Plastic Powerhouse! The Birth of Glasspar G2 Racing and The Rise of MAMECO – Part 2

Close-Up Of Ardun-Mercury Engine In Mameco Chassis. This Is Mameco’s First Chassis Built – According to Ed Martindale of Mameco (From Collection of Bill Tritt)


This is the second in a series of articles on the Glasspar Racecar, built by Bill Tritt of Glasspar, Ted Mangels and Ed Martindale of Mameco, and Clem TeBow and Don Clark of CT Automotive.  This car was first raced by Warren Gerdes, and later by the legendary Bill Pollack.  For additional articles in this series on Bill Tritt and the Glasspar Mameco-Ardun Racecar, click on the link below.

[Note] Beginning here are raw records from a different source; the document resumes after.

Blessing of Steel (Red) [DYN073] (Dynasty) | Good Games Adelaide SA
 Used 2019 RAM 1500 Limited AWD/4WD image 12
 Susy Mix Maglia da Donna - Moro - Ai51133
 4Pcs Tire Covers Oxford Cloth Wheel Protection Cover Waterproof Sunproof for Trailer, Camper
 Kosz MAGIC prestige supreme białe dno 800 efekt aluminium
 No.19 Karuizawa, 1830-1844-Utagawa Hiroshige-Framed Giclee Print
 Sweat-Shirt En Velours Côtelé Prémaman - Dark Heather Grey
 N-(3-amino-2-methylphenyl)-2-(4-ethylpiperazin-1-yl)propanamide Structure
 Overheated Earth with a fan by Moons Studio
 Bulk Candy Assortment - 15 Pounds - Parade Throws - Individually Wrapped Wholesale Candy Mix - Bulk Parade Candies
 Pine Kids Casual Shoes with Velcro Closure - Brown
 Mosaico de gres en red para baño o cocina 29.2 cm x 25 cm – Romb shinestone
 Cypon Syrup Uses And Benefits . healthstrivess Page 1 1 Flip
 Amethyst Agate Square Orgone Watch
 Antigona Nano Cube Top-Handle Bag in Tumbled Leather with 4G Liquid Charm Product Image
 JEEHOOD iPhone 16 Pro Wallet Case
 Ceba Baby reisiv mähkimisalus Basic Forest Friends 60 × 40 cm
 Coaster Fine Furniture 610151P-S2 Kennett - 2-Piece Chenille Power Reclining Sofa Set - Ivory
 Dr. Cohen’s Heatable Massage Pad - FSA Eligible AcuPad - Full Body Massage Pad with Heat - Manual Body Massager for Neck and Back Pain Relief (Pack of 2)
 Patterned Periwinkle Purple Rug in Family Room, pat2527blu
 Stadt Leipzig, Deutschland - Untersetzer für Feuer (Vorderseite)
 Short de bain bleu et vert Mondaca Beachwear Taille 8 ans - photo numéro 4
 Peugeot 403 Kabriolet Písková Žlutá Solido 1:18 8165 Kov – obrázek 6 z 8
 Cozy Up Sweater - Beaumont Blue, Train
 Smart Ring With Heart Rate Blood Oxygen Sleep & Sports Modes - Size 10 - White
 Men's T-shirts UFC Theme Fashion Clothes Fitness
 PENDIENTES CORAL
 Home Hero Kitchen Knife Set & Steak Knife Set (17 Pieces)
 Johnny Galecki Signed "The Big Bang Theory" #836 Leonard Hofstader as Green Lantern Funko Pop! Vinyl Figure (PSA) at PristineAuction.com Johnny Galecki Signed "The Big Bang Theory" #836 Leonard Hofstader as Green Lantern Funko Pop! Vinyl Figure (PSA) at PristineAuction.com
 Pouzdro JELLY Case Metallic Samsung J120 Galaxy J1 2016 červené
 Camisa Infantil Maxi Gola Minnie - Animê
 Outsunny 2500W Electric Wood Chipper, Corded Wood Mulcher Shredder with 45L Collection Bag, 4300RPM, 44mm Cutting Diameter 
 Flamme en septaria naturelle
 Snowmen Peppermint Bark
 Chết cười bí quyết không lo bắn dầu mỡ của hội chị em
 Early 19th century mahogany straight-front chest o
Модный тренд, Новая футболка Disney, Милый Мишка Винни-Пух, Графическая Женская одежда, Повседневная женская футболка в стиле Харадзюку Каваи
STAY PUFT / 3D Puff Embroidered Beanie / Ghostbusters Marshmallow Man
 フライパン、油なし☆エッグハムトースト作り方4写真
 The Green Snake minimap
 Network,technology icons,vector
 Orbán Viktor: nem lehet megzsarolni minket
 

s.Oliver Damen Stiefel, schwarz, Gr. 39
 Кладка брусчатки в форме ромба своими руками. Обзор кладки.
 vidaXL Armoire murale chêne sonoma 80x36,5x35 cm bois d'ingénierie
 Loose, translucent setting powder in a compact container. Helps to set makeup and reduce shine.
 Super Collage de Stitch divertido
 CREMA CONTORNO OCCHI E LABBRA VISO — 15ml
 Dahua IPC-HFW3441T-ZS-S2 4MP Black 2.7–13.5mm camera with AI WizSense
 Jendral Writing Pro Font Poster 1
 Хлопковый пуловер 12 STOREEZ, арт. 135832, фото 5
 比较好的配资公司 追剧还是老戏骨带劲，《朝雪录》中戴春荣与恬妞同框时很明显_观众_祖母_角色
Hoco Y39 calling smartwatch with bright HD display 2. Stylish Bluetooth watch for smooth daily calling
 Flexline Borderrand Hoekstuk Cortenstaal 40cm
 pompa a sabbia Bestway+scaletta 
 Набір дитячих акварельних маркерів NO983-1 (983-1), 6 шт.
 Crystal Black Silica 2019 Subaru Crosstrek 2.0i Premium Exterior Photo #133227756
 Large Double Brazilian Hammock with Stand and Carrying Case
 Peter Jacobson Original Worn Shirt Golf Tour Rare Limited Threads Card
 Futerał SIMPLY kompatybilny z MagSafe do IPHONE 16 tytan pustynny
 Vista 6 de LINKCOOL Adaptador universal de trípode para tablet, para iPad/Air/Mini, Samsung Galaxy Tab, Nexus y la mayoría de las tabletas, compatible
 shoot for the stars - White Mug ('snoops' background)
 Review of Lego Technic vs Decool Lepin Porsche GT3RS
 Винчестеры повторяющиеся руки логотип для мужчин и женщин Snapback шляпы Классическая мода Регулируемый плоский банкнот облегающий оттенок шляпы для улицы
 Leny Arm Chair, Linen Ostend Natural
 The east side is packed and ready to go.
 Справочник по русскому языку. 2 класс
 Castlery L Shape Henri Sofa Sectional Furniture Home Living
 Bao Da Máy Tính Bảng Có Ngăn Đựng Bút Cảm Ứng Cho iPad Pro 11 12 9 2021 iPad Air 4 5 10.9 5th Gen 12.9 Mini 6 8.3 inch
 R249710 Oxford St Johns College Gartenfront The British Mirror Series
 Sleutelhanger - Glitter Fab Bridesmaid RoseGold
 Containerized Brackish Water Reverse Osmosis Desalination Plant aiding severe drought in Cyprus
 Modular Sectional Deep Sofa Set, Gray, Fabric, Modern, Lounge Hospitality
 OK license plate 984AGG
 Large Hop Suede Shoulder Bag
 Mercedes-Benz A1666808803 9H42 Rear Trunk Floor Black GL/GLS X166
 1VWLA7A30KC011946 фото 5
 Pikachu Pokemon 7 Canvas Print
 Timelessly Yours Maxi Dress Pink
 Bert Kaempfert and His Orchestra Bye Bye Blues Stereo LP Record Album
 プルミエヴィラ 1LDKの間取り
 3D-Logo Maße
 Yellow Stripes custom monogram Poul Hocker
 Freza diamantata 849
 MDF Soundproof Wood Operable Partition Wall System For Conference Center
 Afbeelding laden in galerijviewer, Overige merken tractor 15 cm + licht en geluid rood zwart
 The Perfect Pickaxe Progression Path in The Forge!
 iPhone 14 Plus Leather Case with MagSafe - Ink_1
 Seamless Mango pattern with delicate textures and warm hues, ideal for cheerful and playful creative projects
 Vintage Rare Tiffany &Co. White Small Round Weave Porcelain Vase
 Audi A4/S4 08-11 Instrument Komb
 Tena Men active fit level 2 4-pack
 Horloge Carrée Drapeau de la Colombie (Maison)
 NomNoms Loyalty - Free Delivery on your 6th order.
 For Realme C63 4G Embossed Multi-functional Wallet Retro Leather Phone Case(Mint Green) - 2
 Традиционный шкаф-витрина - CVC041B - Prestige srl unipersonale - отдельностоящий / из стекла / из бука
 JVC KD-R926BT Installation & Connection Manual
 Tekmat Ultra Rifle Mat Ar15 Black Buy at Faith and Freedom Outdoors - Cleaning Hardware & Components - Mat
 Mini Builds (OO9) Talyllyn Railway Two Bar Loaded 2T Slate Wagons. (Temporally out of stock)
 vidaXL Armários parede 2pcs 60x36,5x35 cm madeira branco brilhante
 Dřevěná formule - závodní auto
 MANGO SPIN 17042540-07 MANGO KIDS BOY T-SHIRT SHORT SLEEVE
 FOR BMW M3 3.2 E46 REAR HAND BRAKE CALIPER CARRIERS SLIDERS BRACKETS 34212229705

Click Here To Review Articles Published on the Glasspar Mameco Ardun Racecar


Hi Gang…

Rick D’Louhy and I have canvassed the country looking for details on all of these wonderful fiberglass cars.  Today’s story is a result of a trip to see Bill Tritt in West Virginia and working with both Ed Martindale from Mameco and his son Marty too.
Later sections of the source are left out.